The essay-checking program is called e-rater, and it doesn’t exactly grade the essays. It’s not smart enough for that. To apply the grading rubric that the GRE uses – a 0 for an empty essay, a 1 for nonsense, up to a 6 for clear ideas written cogently with supporting evidence** – the program would need to be able to read. No computer program, AI or otherwise, can understand the meaning of words… yet.
Instead, the e-rater tries to guess what grade a human grader would give an essay. It scans a few hundred essays that have already been graded, analyze the features of those essays, and when given a fresh essay, tries to figure out what grade its features match.
Take vocabulary. The e-rater might not be able to understand the words, but it can check their frequency. If an essay question is about the dangers of modern technology, then the essays that human graders gave 6’s to probably had vocabulary about technology – “artificial intelligence” and “nanotechnology” and “the singularity.” When the e-rater takes on new essays, it’ll guess a higher grade for an essay with lots of technology words than for one with, say, lots of words about cheese.
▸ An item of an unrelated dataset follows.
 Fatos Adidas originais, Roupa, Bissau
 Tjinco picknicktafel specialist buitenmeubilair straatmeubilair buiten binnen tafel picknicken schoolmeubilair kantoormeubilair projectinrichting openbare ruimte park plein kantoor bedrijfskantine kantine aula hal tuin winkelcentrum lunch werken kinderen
It could be wrong – maybe the writer came up with a brilliant cheese analogy that perfectly captures the risks and rewards of advancing technology – but in general, if the question is about technology, the answer will have techy words in it.
The e-rater doesn’t look only at vocabulary. It runs a whole slew of algorithms.*** It looks at syntactic structures — many clauses per sentence score higher, all simple sentences score lower. It checks for words that suggest the writer is developing an idea — “on the other hand,” “furthermore.” And it does more complicated things, like check the frequency of every pair of words. Pairs that are dramatically infrequent might be grammar errors.
It’s definitely not smart yet, but it’s out there swinging. And it’s expanding in scope. A version of the e-rater is starting to be used in online courses, where the professor might have thousands of students and can’t possibly grade all the essays by hand. In this case, the e-rater isn’t checking itself against GRE graders. It scans essays graded by the professor and tries to figure out what grades this particular person connects to certain features.
So where does the path of the e-rater lead? Maybe somewhere great. Assuming (and it’s quite the assumption) that the e-rater reaches artificial superintelligence, everything depends on its programming. Maybe the online-course version has something like “facilitate human communication” at its core. It could read and absorb enormous amounts of writing, across genres, and help people express themselves clearly and beautifully. Or it could skip the “writing” bit altogether and get to work on telepathic technology. Rad.
But as with all AI scenarios, it could lead to a hellscape. What if the programming is stricter? “Evaluate GRE essays as a human grader would, and improve your ability to do so.” This is still better than some AI scenarios, because at least the e-rater clearly needs humans around to fulfill its goals, instead of mining us for carbon or something. But it only needs us to write essays. Trapped at our desks, kept alive by the machine, writing essay after essay. Forever.
But it’s not impossible.
The Language Nerd
*I swear, this is all I use Siri for, and I love her for it.
**In theory. Whether the GRE accurately measures grad-school-readiness is a question beyond the scope of this post (or the e-rater).
***What’s the collective noun for “algorithms”? An exaltation?
Got a language question? Ask the Language Nerd! firstname.lastname@example.org
Twitter @AskTheLeague / facebook.com/asktheleagueofnerds
One of the fun bits of researching this, which I didn’t get into in the post, was reading about Les Perelman, an MIT professor who hates standardized test essays altogether, whether graded by human or machine, and who is the absolute champion of getting e-rater to give a high score to total bullshit.
I went with this question because it’s relevant to me at the mo – I’m taking the GRE tomorrow. Reading about how AI could bring about humanity’s immortality or extinction in the near future kinda puts the test into perspective. But wish me luck anyway, y’all.